## GOAL OF THE EXERCISE
All of the entries should be written out again exactly.
··· PROVIDED MATERIAL ···
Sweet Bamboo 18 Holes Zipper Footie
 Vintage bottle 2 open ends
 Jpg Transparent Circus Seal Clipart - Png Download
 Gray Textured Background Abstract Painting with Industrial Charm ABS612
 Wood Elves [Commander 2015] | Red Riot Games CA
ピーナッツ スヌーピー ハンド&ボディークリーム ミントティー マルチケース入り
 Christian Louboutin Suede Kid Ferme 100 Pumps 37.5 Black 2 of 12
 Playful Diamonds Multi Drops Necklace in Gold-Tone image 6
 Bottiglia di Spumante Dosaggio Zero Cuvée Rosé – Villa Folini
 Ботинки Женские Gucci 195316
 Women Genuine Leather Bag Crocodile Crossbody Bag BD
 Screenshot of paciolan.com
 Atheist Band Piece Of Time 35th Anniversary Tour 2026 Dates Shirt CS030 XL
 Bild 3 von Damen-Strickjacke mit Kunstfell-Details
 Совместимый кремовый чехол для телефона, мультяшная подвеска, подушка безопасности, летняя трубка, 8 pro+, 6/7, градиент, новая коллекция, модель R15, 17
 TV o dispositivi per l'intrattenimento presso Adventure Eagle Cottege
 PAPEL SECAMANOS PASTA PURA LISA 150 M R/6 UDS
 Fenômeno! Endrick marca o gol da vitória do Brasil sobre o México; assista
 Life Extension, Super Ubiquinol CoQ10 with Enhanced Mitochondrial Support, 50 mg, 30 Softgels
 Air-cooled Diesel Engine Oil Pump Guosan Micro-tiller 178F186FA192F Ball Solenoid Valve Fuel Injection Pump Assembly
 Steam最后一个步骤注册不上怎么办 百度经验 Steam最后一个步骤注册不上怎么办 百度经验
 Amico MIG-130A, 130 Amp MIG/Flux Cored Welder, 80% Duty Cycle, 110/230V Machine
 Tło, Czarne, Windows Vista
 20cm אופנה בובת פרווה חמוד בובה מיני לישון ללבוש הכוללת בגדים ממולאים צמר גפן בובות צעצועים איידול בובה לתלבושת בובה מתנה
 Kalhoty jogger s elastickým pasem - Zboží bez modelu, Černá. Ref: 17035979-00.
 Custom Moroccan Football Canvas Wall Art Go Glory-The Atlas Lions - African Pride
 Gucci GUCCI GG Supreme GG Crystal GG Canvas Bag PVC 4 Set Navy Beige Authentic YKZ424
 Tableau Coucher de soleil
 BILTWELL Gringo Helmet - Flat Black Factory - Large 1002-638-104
···
## OUTPUT FOR THIS TASK
Sweet Bamboo 18 Holes Zipper Footie
 Vintage bottle 2 open ends
 Jpg Transparent Circus Seal Clipart - Png Download
 Gray Textured Background Abstract Painting with Industrial Charm ABS612
 Wood Elves [Commander 2015] | Red Riot Games CA
ピーナッツ スヌーピー ハンド&ボディークリーム ミントティー マルチケース入り
 Christian Louboutin Suede Kid Ferme 100 Pumps 37.5 Black 2 of 12
 Playful Diamonds Multi Drops Necklace in Gold-Tone image 6
 Bottiglia di Spumante Dosaggio Zero Cuvée Rosé – Villa Folini
 Ботинки Женские Gucci 195316
 Women Genuine Leather Bag Crocodile Crossbody Bag BD
 Screenshot of paciolan.com
 Atheist Band Piece Of Time 35th Anniversary Tour 2026 Dates Shirt CS030 XL
 Bild 3 von Damen-Strickjacke mit Kunstfell-Details
 Совместимый кремовый чехол для телефона, мультяшная подвеска, подушка безопасности, летняя трубка, 8 pro+, 6/7, градиент, новая коллекция, модель R15, 17
 TV o dispositivi per l'intrattenimento presso Adventure Eagle Cottege
 PAPEL SECAMANOS PASTA PURA LISA 150 M R/6 UDS
 Fenômeno! Endrick marca o gol da vitória do Brasil sobre o México; assista
 Life Extension, Super Ubiquinol CoQ10 with Enhanced Mitochondrial Support, 50 mg, 30 Softgels
 Air-cooled Diesel Engine Oil Pump Guosan Micro-tiller 178F186FA192F Ball Solenoid Valve Fuel Injection Pump Assembly
 Steam最后一个步骤注册不上怎么办 百度经验 Steam最后一个步骤注册不上怎么办 百度经验
 Amico MIG-130A, 130 Amp MIG/Flux Cored Welder, 80% Duty Cycle, 110/230V Machine
 Tło, Czarne, Windows Vista
 20cm אופנה בובת פרווה חמוד בובה מיני לישון ללבוש הכוללת בגדים ממולאים צמר גפן בובות צעצועים איידול בובה לתלבושת בובה מתנה
 Kalhoty jogger s elastickým pasem - Zboží bez modelu, Černá. Ref: 17035979-00.
 Custom Moroccan Football Canvas Wall Art Go Glory-The Atlas Lions - African Pride
 Gucci GUCCI GG Supreme GG Crystal GG Canvas Bag PVC 4 Set Navy Beige Authentic YKZ424
 Tableau Coucher de soleil
 BILTWELL Gringo Helmet - Flat Black Factory - Large 1002-638-104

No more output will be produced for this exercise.